● **Recorded information**
· · · · ·
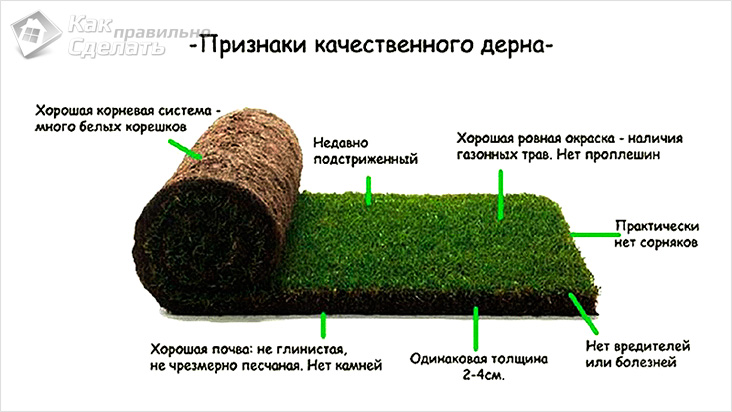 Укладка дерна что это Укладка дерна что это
· · · · ·
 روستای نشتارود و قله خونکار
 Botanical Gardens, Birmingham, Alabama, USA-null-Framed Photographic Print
· · · · ·
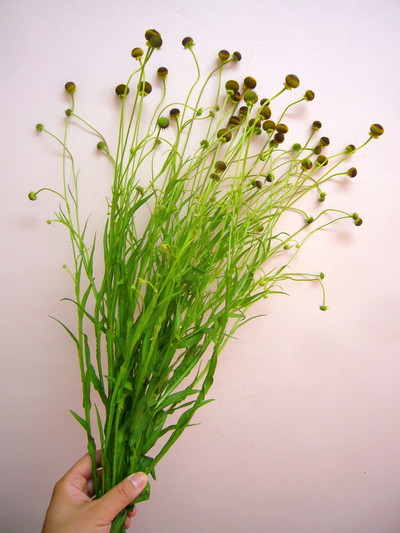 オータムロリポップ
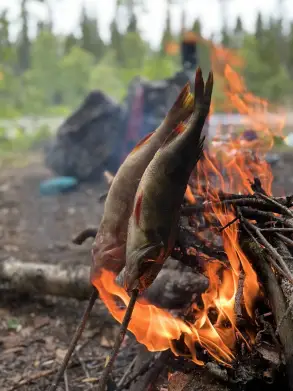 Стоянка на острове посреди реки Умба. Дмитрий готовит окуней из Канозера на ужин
· · · · ·
● **Task item**
What you give back must be the stretch above, starting at the line with "روستای نشتارود و قله خونکار" and ending at the line with "Botanical Gardens, Birmingham, Alabama, USA-null-Framed", copied exactly.

● **Output of the task**
 روستای نشتارود و قله خونکار
 Botanical Gardens, Birmingham, Alabama, USA-null-Framed Photographic Print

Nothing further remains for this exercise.